(Data items)
★ ★ ★

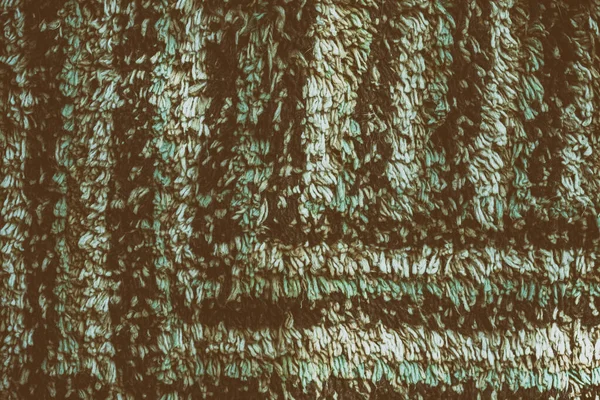 Yakın çekim yeşil renkli kumaş dokusu. kahverengi ve yeşil kumaş desen tasarımı veya döşeme soyut arka planı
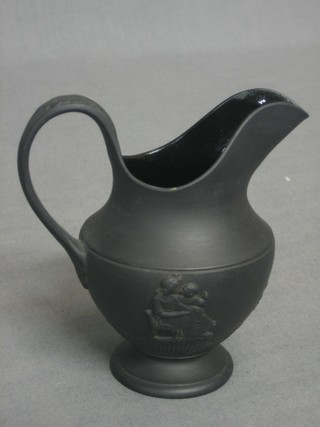 An 18th/19th Century black basalt cream jug 4"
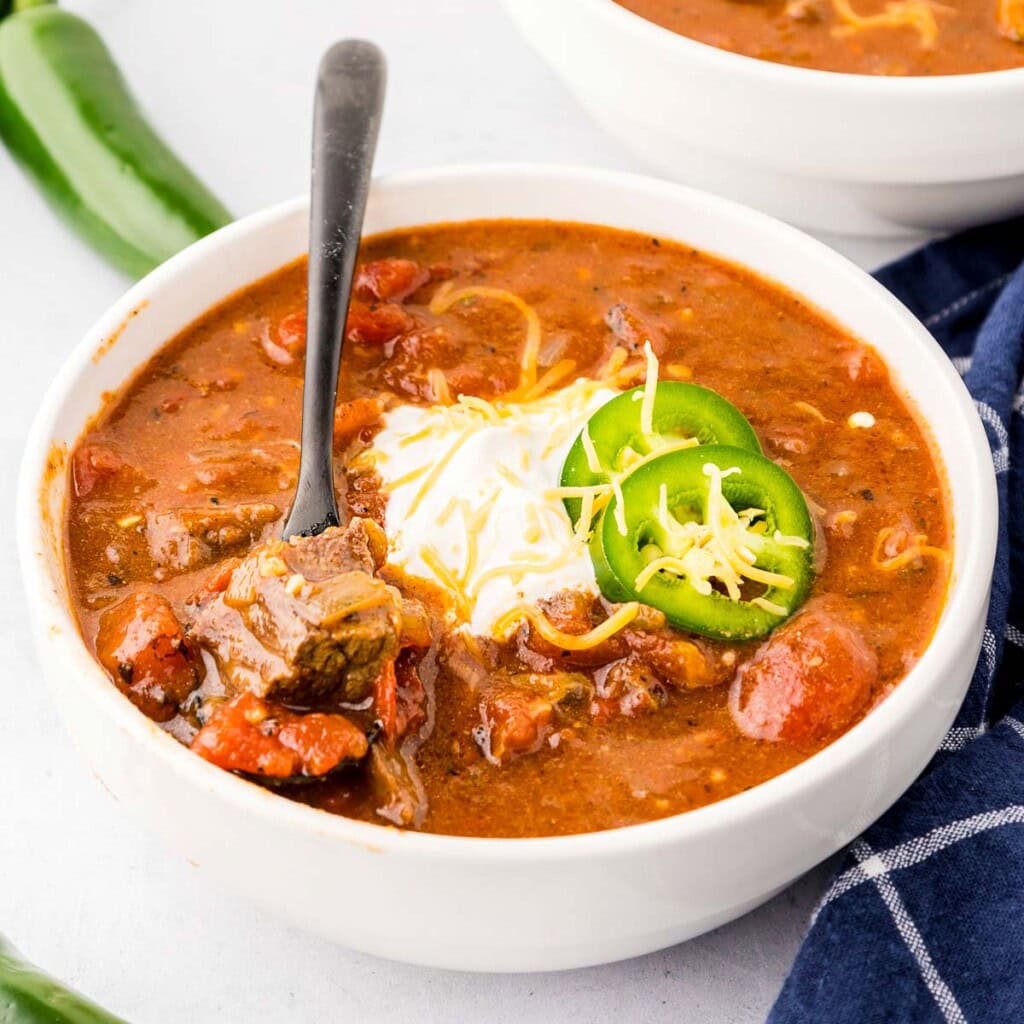 Texas Chili recipe in bowl with spoon and garnishes.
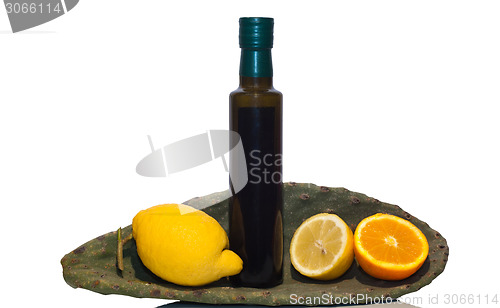 Image of olive oil and sicilian fruits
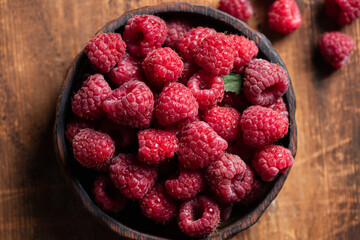 Raspberries in wooden bowl on old wooden table background, closeup view. Summer berry harvest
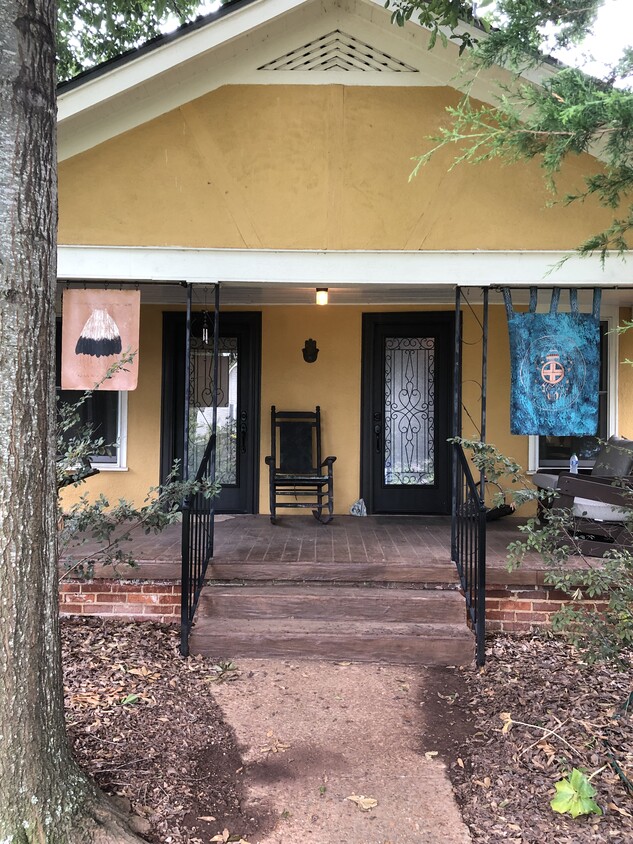 This is a 1300 square-foot house with two front doors. - 1006 Oshaughnessy Ave NE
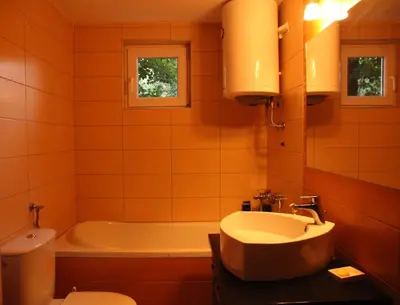 a bathroom with a tub and a sink and a toilet at ART HOUSE Kosmaj 2 in Sopot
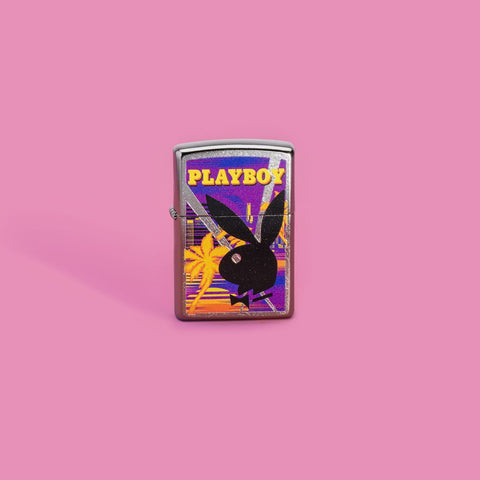 Lifestyle image of Playboy Beach Rabbit Head Street Chrome™ Windproof Lighter standing in a pink background.
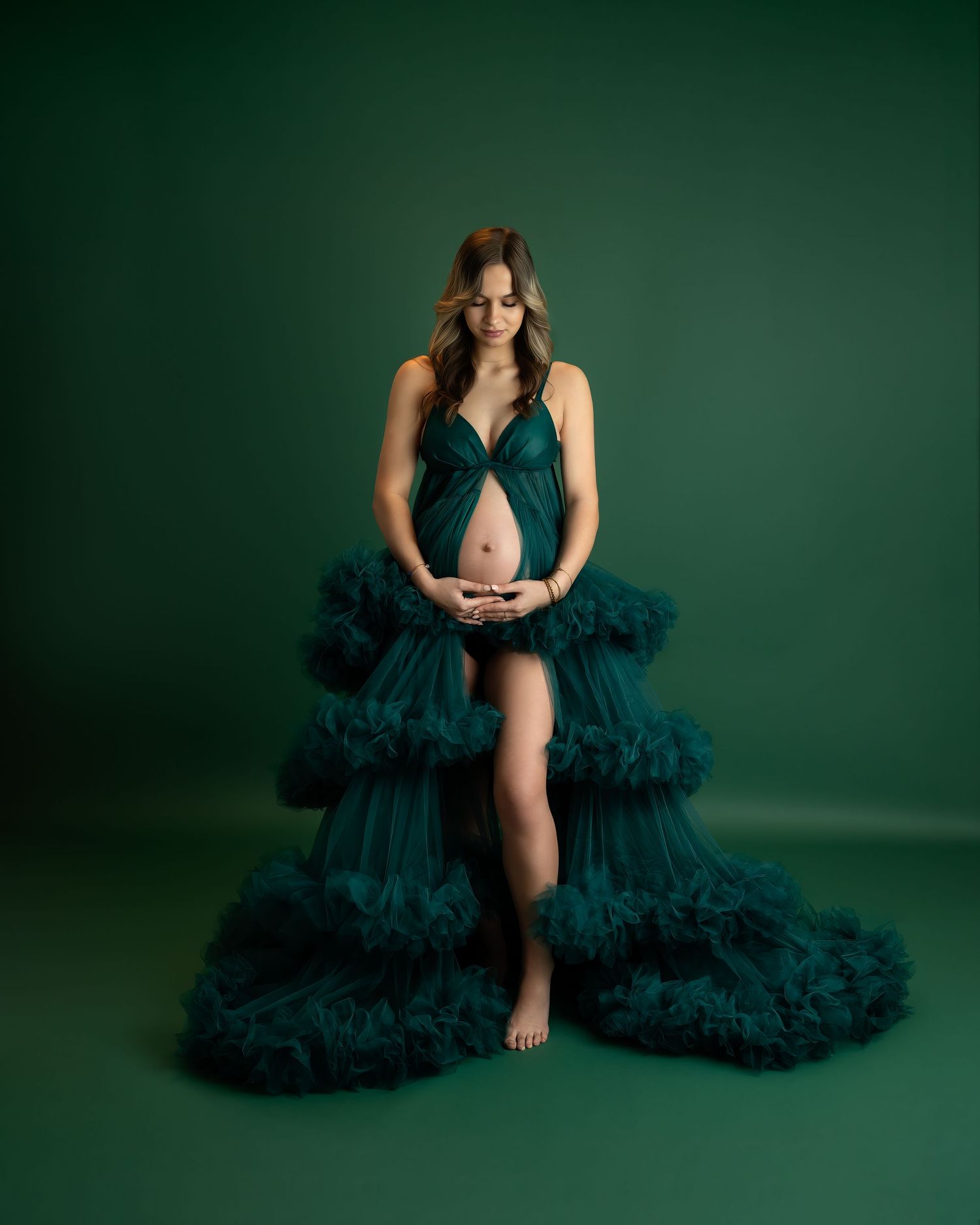 Maternity photography session in Gravesend Kent with pregnant woman in green gown sitting in studio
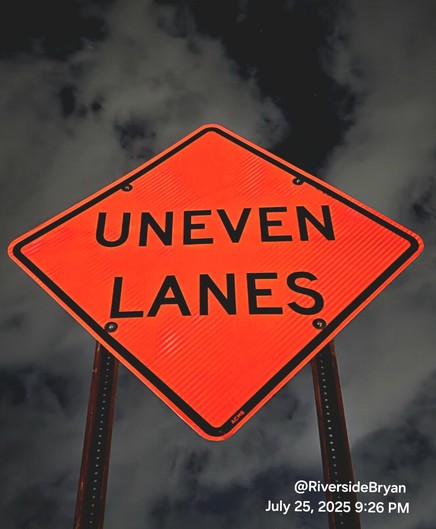 Bright orange traffic sign with spooky night sky as a background. Sign reads: Uneven Lanes.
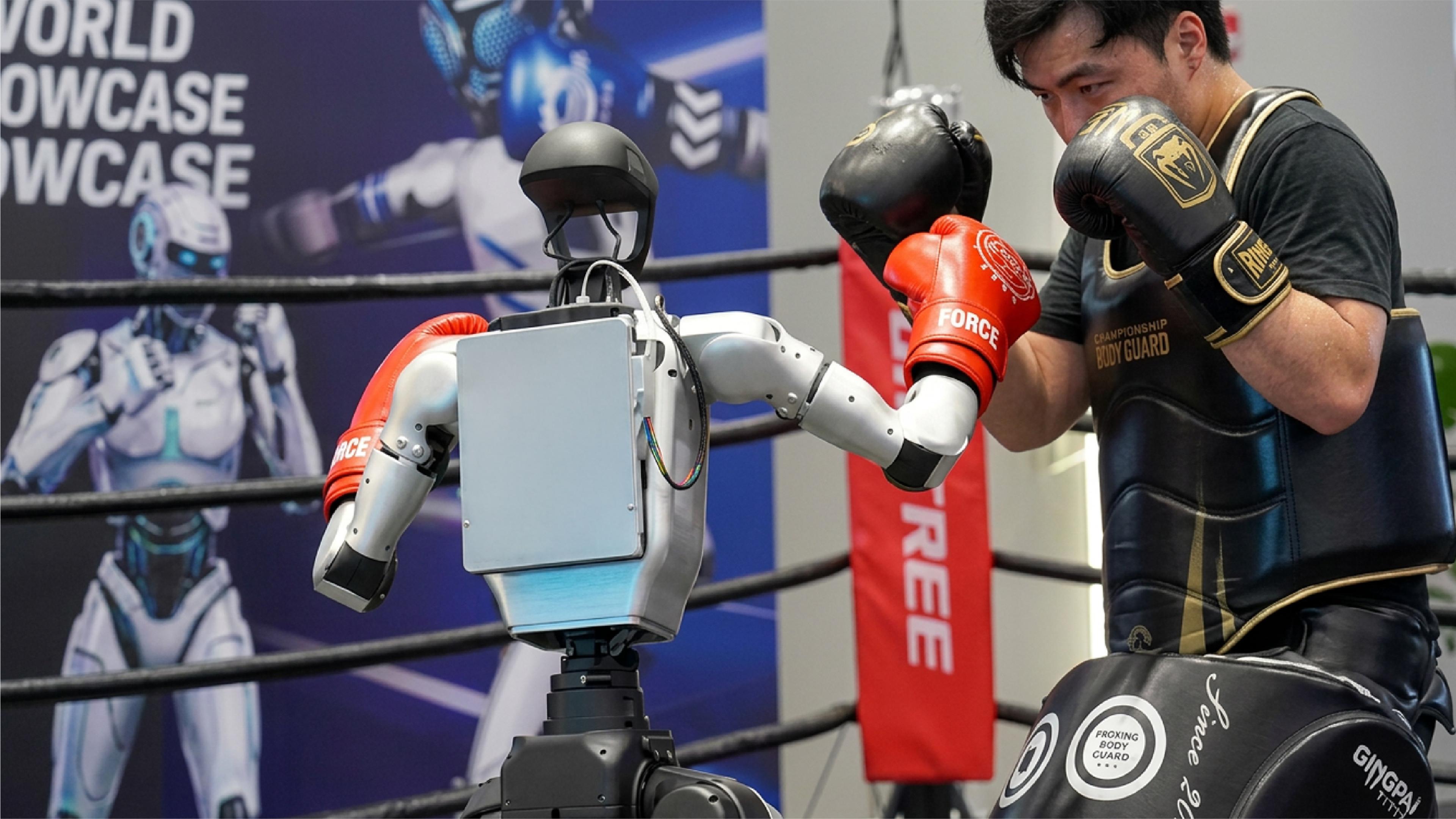 Unitree humanoid robot wearing red boxing gloves faces a human boxer in protective gear inside a boxing ring.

★ ★ ★

## ACTION ITEM
Transcribe every entry exactly, leaving out the pictures.

## EXERCISE OUTPUT
 Yakın çekim yeşil renkli kumaş dokusu. kahverengi ve yeşil kumaş desen tasarımı veya döşeme soyut arka planı
 An 18th/19th Century black basalt cream jug 4"
 Texas Chili recipe in bowl with spoon and garnishes.
 Image of olive oil and sicilian fruits
 Raspberries in wooden bowl on old wooden table background, closeup view. Summer berry harvest
 This is a 1300 square-foot house with two front doors. - 1006 Oshaughnessy Ave NE
 a bathroom with a tub and a sink and a toilet at ART HOUSE Kosmaj 2 in Sopot
 Lifestyle image of Playboy Beach Rabbit Head Street Chrome™ Windproof Lighter standing in a pink background.
 Maternity photography session in Gravesend Kent with pregnant woman in green gown sitting in studio
 Bright orange traffic sign with spooky night sky as a background. Sign reads: Uneven Lanes.
 Unitree humanoid robot wearing red boxing gloves faces a human boxer in protective gear inside a boxing ring.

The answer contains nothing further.